New Delhi: Commercial LPG cylinder prices have been increased across India from June 1, with rates rising between Rs 42 and Rs 53.50 per cylinder, adding to operational costs for businesses such as hotels, restaurants, eateries and other commercial establishments. The revision comes as the Centre intensifies efforts to strengthen the country’s fuel security framework following recent supply disruptions linked to tensions in West Asia.
According to the latest price revision, the cost of a 19-kg commercial LPG cylinder in Delhi has been increased by Rs 42, taking its retail price to Rs 3,113.50. In Kolkata, the hike is even steeper, with prices rising by Rs 53.50, pushing the retail cost of a commercial cylinder to Rs 3,255.50. The revised rates came into effect from June 1 and are applicable only to commercial LPG consumers.
Importantly, the government has not announced any increase in the prices of domestic LPG cylinders used by households, providing relief to millions of consumers across the country. Meanwhile, the price of a 5-kg Free Trade LPG (FTL) cylinder has been raised by Rs 11, bringing its retail price in Delhi to Rs 821.50.
The latest increase comes against the backdrop of growing concerns over India’s energy security and dependence on imported fuel.
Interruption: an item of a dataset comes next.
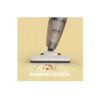 COMFEE 2-in-1 Corded Vacuum 600W 16000Pa alternate product view 3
Recent geopolitical tensions in West Asia exposed vulnerabilities in global supply chains and highlighted the country’s reliance on imports for meeting a significant portion of its energy requirements.
Speaking during an inter-ministerial briefing, Sujata Sharma, Joint Secretary in the Ministry of Petroleum and Natural Gas, said the government has directed state-run oil marketing companies to work towards maintaining LPG reserves equivalent to at least 30 days of demand. The initiative is aimed at ensuring uninterrupted fuel availability during periods of international uncertainty or supply disruptions.
Officials noted that the Gulf region remains a critical source of energy imports for India, accounting for nearly 90 per cent of LPG imports, around 65 per cent of natural gas imports, and approximately 40 per cent of crude oil imports. The recent disruptions in the region have prompted authorities to reassess storage capacities and contingency planning mechanisms.
Despite concerns over global supply chains, the government has maintained that there is no shortage of fuel in the country. Authorities stated that inventories of petrol, diesel, LPG, natural gas and crude oil remain adequate, while domestic refineries continue operating at optimal levels. Current LPG production stands at approximately 50,000 to 52,000 tonnes per day, compared to a national demand of nearly 72,000 tonnes daily, with the remaining requirement being met through imports.
To prevent profiteering and supply manipulation, enforcement agencies have intensified action against fuel hoarding and black marketing. Officials revealed that more than 6,500 raids have been conducted on LPG-related operations in recent days, leading to multiple FIRs and arrests.
The Centre is also exploring the expansion of crude oil and LPG storage infrastructure. State-run fuel retailers, Indian Oil Corporation (IOC), Bharat Petroleum Corporation Limited (BPCL), and Hindustan Petroleum Corporation Limited (HPCL), have been tasked with preparing plans for additional LPG storage facilities to improve preparedness against future supply disruptions and strengthen India’s long-term energy security.